En 1998, le Préfet a décoré le Grand Man Doudou Paul de l’Ordre National du Mérite, en concluant « comme vous, je suis un chef coutumier qui comprend et respecte vos coutumes ainsi que les gens de votre communauté ». Ces actes en demi-teinte, ces avancées à mi-parcours ne peuvent perdurer.

Sur le plan général, il y aura lieu tôt ou tard d’articuler les prescriptions qui découlent de l’article 2 de la Constitution sur l’indivisibilité de la République, de l’article 75 sur le statut personnel, et la jurisprudence du Conseil Constitutionnel de mai 1991 sur la notion de peuple corse.

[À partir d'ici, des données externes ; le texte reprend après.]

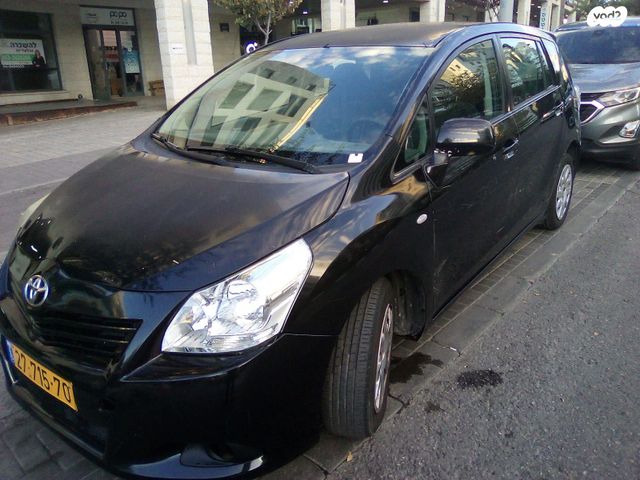 מודעת רכב טויוטה ורסו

Des projets de loi adoptés par le Parlement ont déjà surmonté ces obstacles pour d’autres territoires, de façon originale et efficace, par exemple en Nouvelle-Calédonie. Une réponse possible consisterait à envisager une reconnaissance législative du droit coutumier, après l’avoir codifié. Cette reconnaissance de fait et de texte a déjà servi de support pour le recours aux autorités coutumières en cas de litige ou de message officiel à transmettre. Elle pourra être utile, dans le cas actuel des débats à conduire et des décisions à prendre.8

Notes

1 : Oka mag N°35, 2008, La déstructuration de l’institution coutumière amérindienne du XVIeme siècle à nos jours
2 : Elfort Maude 2005.
3 : Françoise Grenand et al. « Environnement et sociétés en Guyane française : des ambiguïtés d’application des lois républicaines », Revue internationale des sciences sociales 1/2006 (n° 187), p. 53-62
4 : Brigitte Wyngaarde 4/01/2008
5: La saga de Balaté : récit d’une élection … manquée ? Par Alexis Tiouka, 2088
6 : Oka mag N°35, 2008
7 : Thèse Stéphanie Guyon :  » Du gouvernement colonial à la politique racialisée. Sociologie historique de la formation d’un espace
politique local( 1949-2008). Saint Laurent du Maroni, Guyane ».
8 : Rapport de Christiane Taubira, députée de Guyane, 2001, L’Or en Guyane , Éclats et artifices.